One of the biggest cases in history that emphasizes this question, was the trial of Andrea Yates. In the case of Andrea Yates, she was found guilty for the murder of her five children, until the verdict was eventually overturned in 2005. She was then found guilty by reason of insanity due to her multiple mental illnesses that she had been suffering from throughout the time of the crime, and throughout the trial. According to Diamond, in the article from Psychology Today, “Sympathy for the Devil,” Yates was suffering from postpartum depression, schizophrenia, bipolar disorder, and bulimia, which was the cause of her “…pathological guilt regarding herself and her performance as a mother.” These mental illnesses took over Yates’ life and eventually led her to murder her five children by drowning them each one by one in their family bathtub. Yates had constant thoughts and delusions of the devil being inside her head, controlling her entire life. The thoughts of the devil in her head were telling her that the only way to save her children from her insanity was to kill them. With the defense of not guilty by reason of insanity, Yates was sent to a psychiatric hospital where she continues to receive the help necessary to decrease her symptoms instead of being sent to a lifetime in prison, where no help is distributed to the inmates.

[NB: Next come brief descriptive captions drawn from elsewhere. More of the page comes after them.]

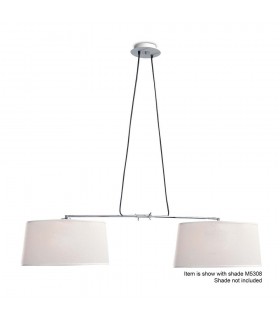 Ceiling Pendant 2 Light with Adjustable Body (SHADE SOLD SEPARATELY) E27, Matt White, Polished Chrome - 1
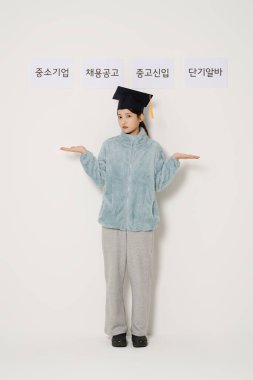 A student wearing a graduation cap and thinking clipart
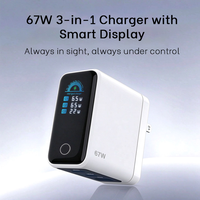 Chargeur USB C TKT 67W avec écran LCD numérique intelligent, 3 ports de charge rapide, affichage de la puissance en temps réel, adaptateur secteur pliable GaN pour iPhone
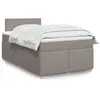 Image de vidaXL Sommier à lattes de lit avec matelas Taupe 120x200 cm Tissu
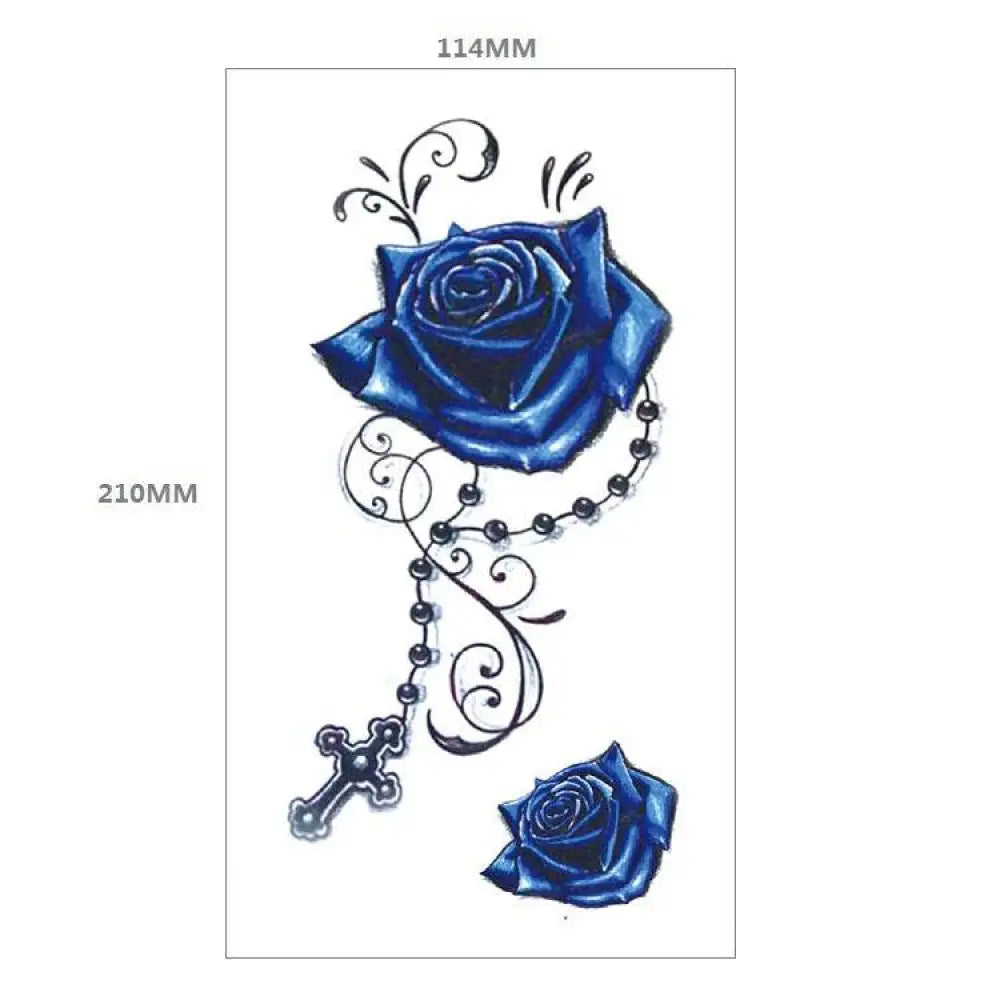 Temporary Tattoo Design XQB-5 with Blue Roses, Rosary, and Cross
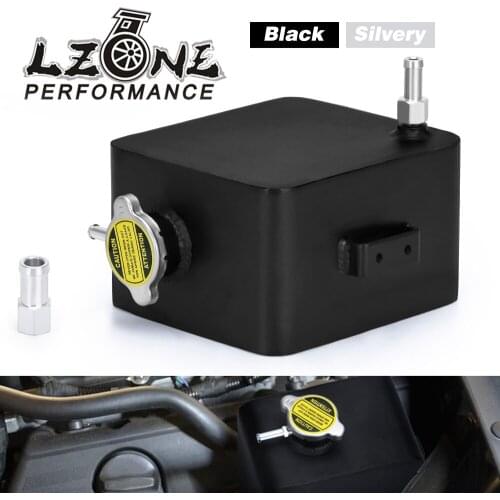 LZONE - 2L Litre Polished Alloy Header Expansion Water Tank & Cap WATER HEADER TANK Coolant Overflow Tank Reservoir Kit JR-TK24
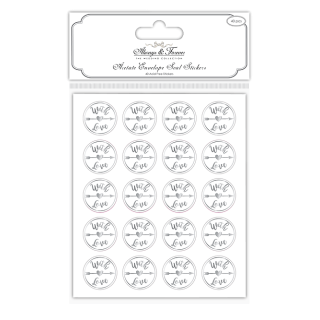 Craft Consortium The Wedding Collection Always & Forever - Clear Envelope Seal Stickers - With Love
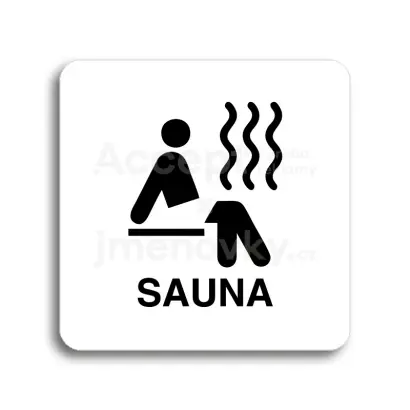 Piktogram "sauna III" - bílá tabulka - černý tisk bez rámečku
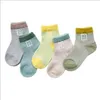 Kids Socks 0-3Y 5-Pair verpakking Groothandel Pasgeboren Baby Socks Zomer Digitale kleur Matching Baby Socks D240513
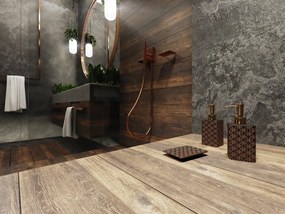 BISK Erga Glossy, dávkovač mydla na postavenie, čierna-zlatá, ERG-07968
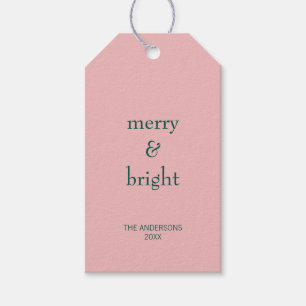 Modern Merry & Bright Christmas Holiday Pink Green Gift Tags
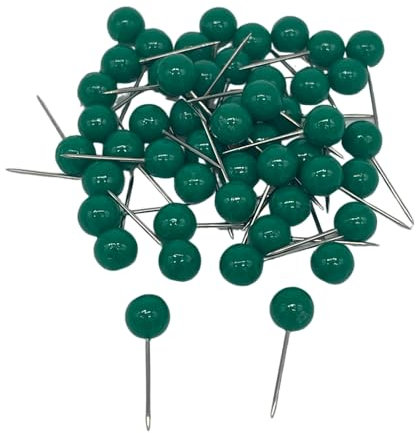 Telliswelt Grüne Kurze Stecknadeln 0,60mm x 1,7 cm (50 Stück) - Präzise Markierung für Pinnwände, Landkarten und mehr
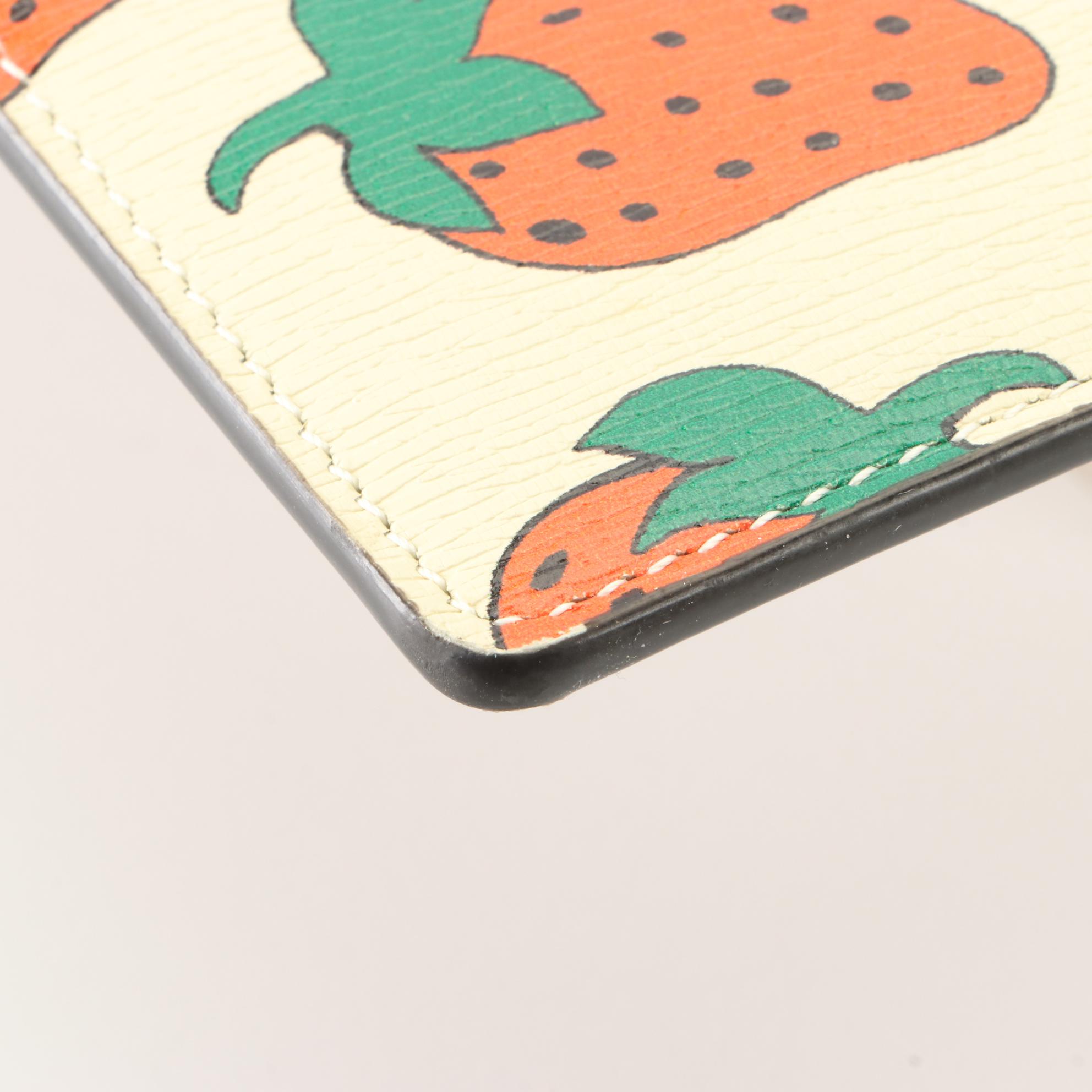 Gucci Strawberry Printed Leather Zip Pouch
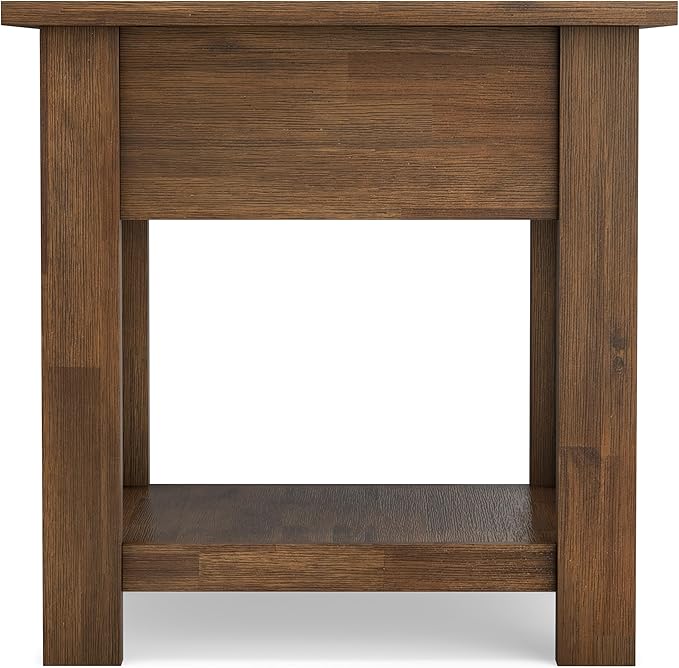 SIMPLIHOME Monroe SOLID ACACIA WOOD 22 inch Wide Square Rustic End Table in - Image 12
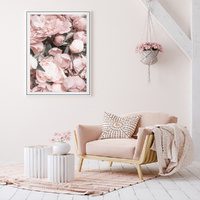 Peony White Frame Canvas Wall Art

Not guilty by reason of insanity is used by thousands of lawyers all around the country. The time old question remains, is this a reasonable and logical defense to use for perpetrators who are, in fact, mentally ill? The defense, when coming to a verdict, allows those, who truly need help, get the proper treatment needed. Without this defense prisons would be flooded with hundreds of criminals who are mentally ill and maybe cannot ask for the help required for them. As said by Cornell Legal Information Institute, criminals with the defense of not guilty by reason of insanity are set to the standard of the “McNaughton Rule” which applies the accusation that the perpetrator “…does not know right from wrong.” The criminals who are involved in crimes of passion know the difference between right and wrong, but are so overcome with their emotion that it leads them to commit a crime such as homicide, kidnapping, robbery, or whatever the case may be. These perpetrators are the ones who should not be found guilty by reason of insanity because there is no actual illness present that cannot be stopped. Prisons should be filled with those who choose to commit their legal acts rather than those who are controlled completely by the mental illnesses that seem to define them. Many defendants who have a history of mental illness cannot control, are not aware of, or are too compelled by their mental illness to do anything about it. Not guilty by reason of insanity is a way for the mentally ill to be set apart from the criminally evil or criminally insane, and receive the help they need while paying for the crime they have committed.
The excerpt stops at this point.